Thursday, August 6, 2009

A note to Tyna with SAIA, mostly about the YRC Worldwide discount

One of our sales reps sent me a link to this WSJ article today:

As YRC Struggles, Rivals Stalk Clients
YRC Worldwide Inc., one of the nation's biggest trucking companies, has been struggling in recent months as the recession has sapped demand for freight services. Now, in an industry known for its hardball tactics, YRC's competitors are piling on, trying to pick off its clients by telling them the company's weakness could put their shipments at risk.

The competitors are indeed piling on. I have to kick sales reps off the steps just to get in the office each morning.

YRC is the largest player in so-called less-than-truckload shipping, in which goods from several customers are consolidated on trucks and delivered through a nationwide series of distribution centers. The company, which operates the Yellow and Roadway trucking lines, has a 20% share of ...

And that's where the WSJ "preview" of the article ends, except for paid WSJ subscribers. Unless, of course, you have sense enough to use an internet search engine. You plug all of that last sentence into Google, and you can find where an outfit called Cargonews Asia has already scraped it (without attribution). Here's some more:

....has a 20% share of the $51 billion-a-year business. Though it says it can weather the economic storm, YRC's financial situation has become increasingly dire, amid losses stemming in part from what analysts say are underperforming acquisitions and problems integrating its national route networks. Last week it reported a 35 percent drop in second-quarter freight tonnage, a steeper decline than those of many rivals.

YRC's competitors can smell blood in the water. This is a huge opportunity for them. They take me to lunch, and at some point they give me the look that Baptist preachers used to have when they asked "If you were to die today, where would you spend eternity?" But instead, they ask "What are you going to do if YRC goes under?" "Are you going to have a lot of freight stuck on their docks?" "How have YRC's service levels been?"

Roadway had little or no debt when Yellow Freight bought them out a few years ago. Both were (and still are) union companies. The problems with integrating their national networks aren't an exaggeration, and neither are the issues with underperforming acquisitions. (Do a bit o'Googling on USF Bestway.) I haven't even mentioned the Teamsters Union, have I ?

If YRC goes under, that will leave ABF as the only union LTL carrier. I never thought I would see this day. (Do another bit o'Googling, and you'll also see that their competitors aren't shy about advertising that they have non-union drivers. I wonder why.) Despite my anti-union bias, I hope YRC can find a way to survive.
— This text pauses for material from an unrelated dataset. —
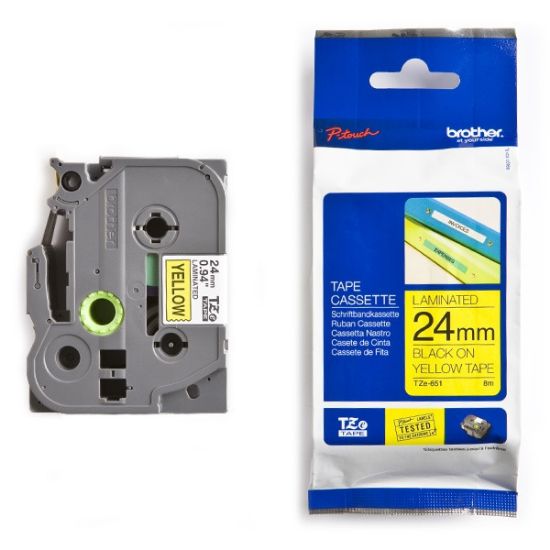Picture of Brother TZe-651 Labelling Tape Cassette – Black on Yellow, 24mm wide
Here's some other stuff from further down the article:

SAIA, of Johns Creek, Georgia, sent some YRC customers a letter offering prices "equal to a 12 percent discount off the current pricing the [customer] currently has in place with any carrier" in the YRC group. A Saia official said the company wasn't necessarily singling out YRC customers and also offers rate cuts to customers of other competitors.

Note to Tyna with SAIA.....I haven't gotten that letter yet, and I'm looking forward to getting one. We need to talk. If ANYBODY gets another 12%, WE get another 12%.